Obsessive-Compulsive Behaviors

“Compulsive” and “obsessive” have become everyday words. “I’m

compulsive” is how some people describe their need for neatness, punctuality,

and shoes lined up in the closets. “He’s so compulsive is shorthand for calling

someone uptight, controlling, and not much fun. “She’s obsessed with him” is a

way of saying your friend is hopelessly lovesick. That is not how these words

are used to describe Obsessive-Compulsive Disorder or OCD, a strange and

fascinating sickness of ritual and doubts run wild. OCD can begin suddenly and

is usually seen as a problem as soon as it starts.

Compulsives (a term for patients who mostly ritualize) and obsessives

(those who think of something over and over again) rarely have rituals or

thoughts about nuetral questions or behaviors. What are their rituals about?

There are several possible ways to list symptoms of OCD. All sources agree that

the most common preoccupations are dirt (washing, germs, touching), checking for

safety or closed spaces (closets, doors, drawers, appliances, light switches),

and thoughts, often thoughts about unacceptable violent, sexual, or crude

behavior.

When the thoughts and rituals of OCD are intense, the victim’s work and

home life disintigrate. Obsessions are persistant, senseless, worrisome, and

often times, embarrassing, or frightening thoughts that repeat over and over in

the mind in an endless loop.
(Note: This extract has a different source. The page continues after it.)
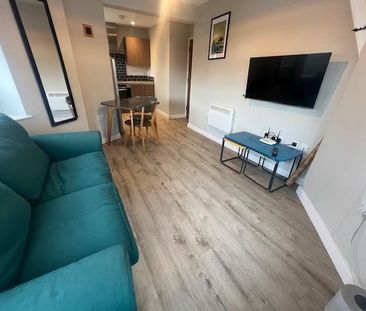 1 bedroom flat to rent - Photo 2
The automatic nature of these recurant thoughts

makes them difficult for the person to ignore or restrain successfully.

The essence of a Compulsive Personality Disorder is normally found in a

restricted person, who is a perfectionist to a degree that demands that others

to submit to hiser way of doing things. A compulsive personality is also often

indecisive and excessively devoted to work to the exclusion of pleasure. When

pleasure is considered, it is something to be planned and worked for.

Pleasurable activities are usually postponed and sometimes never even enjoyed.
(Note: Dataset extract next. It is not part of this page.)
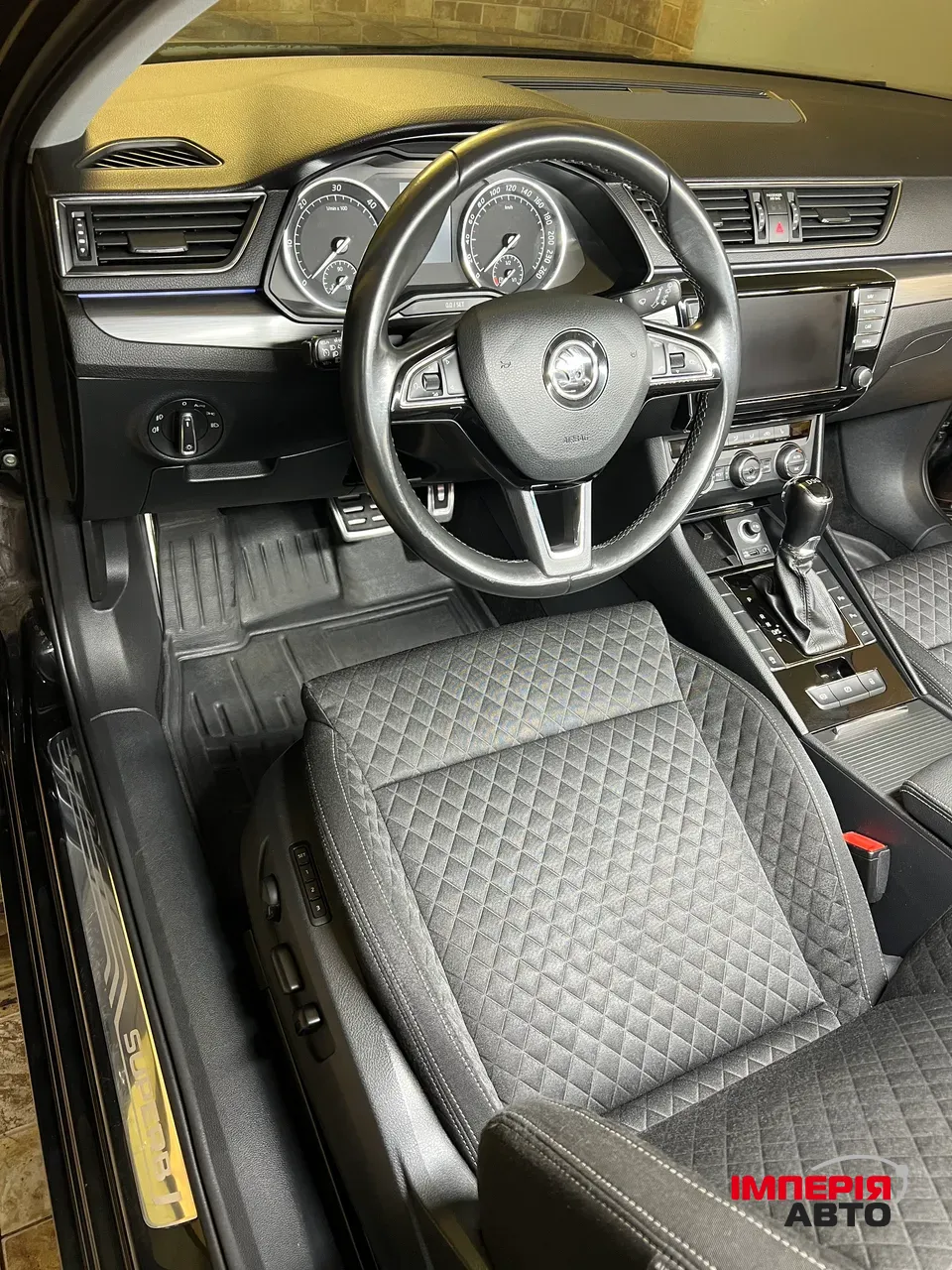 Skoda Superb - фото 5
With severe compulsions, endless rituals dominate each day. Compulsions are

incredibly repetitive and seemingly purposeful acts that result from the

obsessions. The person performs certain acts according to certain rules or in a

stereotypical way in order to prevent or avoid unsympathetic consequences.

People with compulsive personalities tend to be excessively moralistic, and

judgmental of themselves and others.

Senseless thoughts that recur over and over again appearing out of the

blue; certain “magical” acts are repeated over and over. For some the thoughts

are meaningless like numbers, one number or several, for others they are highly

charged ideas-for example, “I have just killed someone.” The intrusion into

conscious everyday thinking of such intense, repetitive, and to the victim

disgusting and alien thoughts is a dramatic and remarkable experience. You

can’t put them out of your mind, that’s the nature of the obsessions.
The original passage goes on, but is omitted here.